## Exercise instructions:
Reproduce, exactly and in full, only the lines below from the one containing "What Is Context" through the one containing "3. Каков был".

## Records to use:
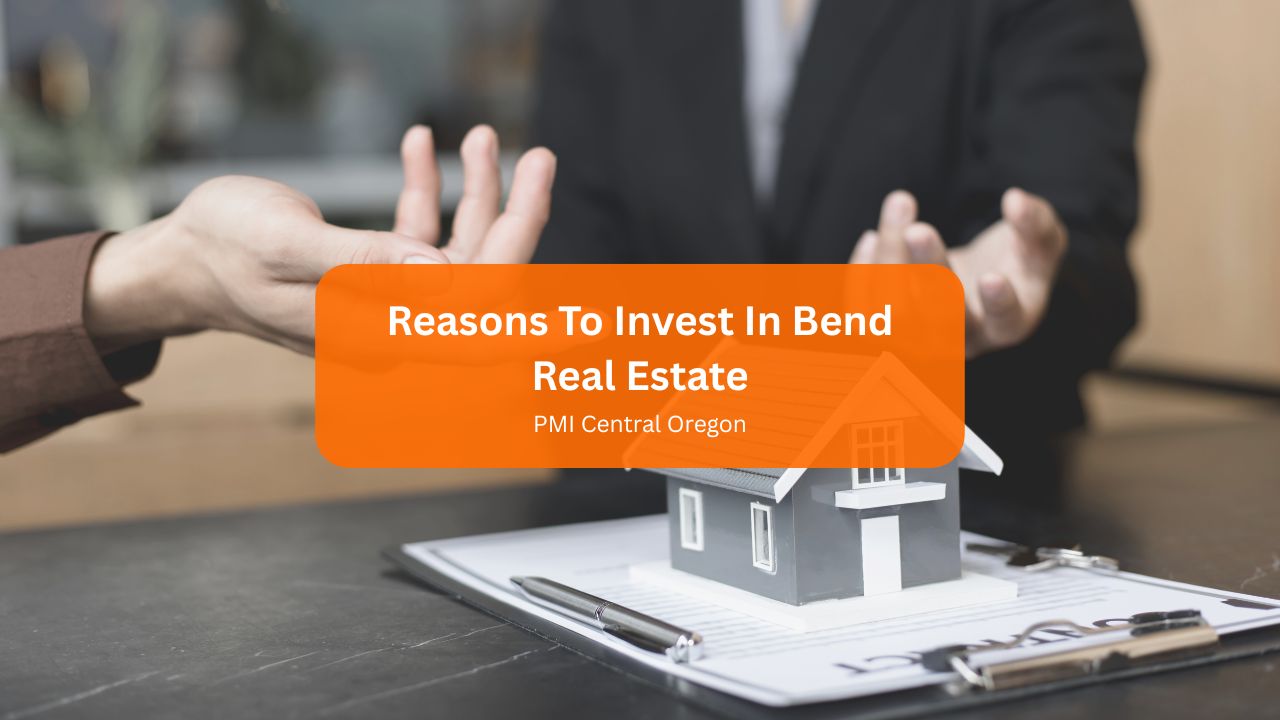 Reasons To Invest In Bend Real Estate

* * *

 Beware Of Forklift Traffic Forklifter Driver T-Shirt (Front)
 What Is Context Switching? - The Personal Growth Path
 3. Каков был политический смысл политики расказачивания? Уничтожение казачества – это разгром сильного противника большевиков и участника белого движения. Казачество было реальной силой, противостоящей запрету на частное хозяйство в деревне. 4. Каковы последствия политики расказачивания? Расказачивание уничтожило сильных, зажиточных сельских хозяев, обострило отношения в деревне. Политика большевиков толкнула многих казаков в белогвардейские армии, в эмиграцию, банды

## Solution to this problem:
 What Is Context Switching? - The Personal Growth Path
 3. Каков был политический смысл политики расказачивания? Уничтожение казачества – это разгром сильного противника большевиков и участника белого движения. Казачество было реальной силой, противостоящей запрету на частное хозяйство в деревне. 4. Каковы последствия политики расказачивания? Расказачивание уничтожило сильных, зажиточных сельских хозяев, обострило отношения в деревне. Политика большевиков толкнула многих казаков в белогвардейские армии, в эмиграцию, банды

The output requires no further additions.